BEGIN Provided material

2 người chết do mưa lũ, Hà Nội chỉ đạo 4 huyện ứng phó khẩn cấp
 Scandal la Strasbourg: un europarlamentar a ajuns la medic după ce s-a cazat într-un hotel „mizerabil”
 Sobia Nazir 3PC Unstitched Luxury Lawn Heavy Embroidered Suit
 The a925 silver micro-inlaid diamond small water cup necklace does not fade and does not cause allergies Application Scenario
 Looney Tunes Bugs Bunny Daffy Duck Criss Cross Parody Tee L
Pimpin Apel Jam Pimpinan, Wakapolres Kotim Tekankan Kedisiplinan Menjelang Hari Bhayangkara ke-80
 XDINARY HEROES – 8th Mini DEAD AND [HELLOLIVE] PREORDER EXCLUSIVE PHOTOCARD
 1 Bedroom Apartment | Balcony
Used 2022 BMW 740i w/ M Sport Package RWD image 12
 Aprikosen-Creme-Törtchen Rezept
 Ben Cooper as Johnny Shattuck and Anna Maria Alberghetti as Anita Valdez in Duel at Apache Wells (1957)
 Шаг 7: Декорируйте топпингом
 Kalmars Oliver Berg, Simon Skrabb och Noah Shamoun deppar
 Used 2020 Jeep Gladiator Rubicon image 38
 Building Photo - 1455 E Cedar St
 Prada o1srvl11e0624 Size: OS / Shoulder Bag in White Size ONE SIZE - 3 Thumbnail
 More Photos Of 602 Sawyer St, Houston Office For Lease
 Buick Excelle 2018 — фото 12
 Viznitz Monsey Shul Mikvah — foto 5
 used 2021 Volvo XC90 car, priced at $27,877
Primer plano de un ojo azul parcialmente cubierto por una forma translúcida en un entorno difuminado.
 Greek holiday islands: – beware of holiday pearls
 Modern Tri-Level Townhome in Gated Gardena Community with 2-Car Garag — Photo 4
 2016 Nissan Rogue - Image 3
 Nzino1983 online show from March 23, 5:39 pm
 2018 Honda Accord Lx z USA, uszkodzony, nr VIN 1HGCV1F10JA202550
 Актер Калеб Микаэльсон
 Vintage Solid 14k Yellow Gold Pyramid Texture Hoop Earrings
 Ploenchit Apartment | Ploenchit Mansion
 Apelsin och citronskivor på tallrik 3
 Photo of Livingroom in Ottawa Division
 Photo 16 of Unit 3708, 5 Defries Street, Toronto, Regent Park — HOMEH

END Provided material

Task directions:
Among the lines above, some may hold the string "Apartment". State how many, giving the number alone.

Task output:
2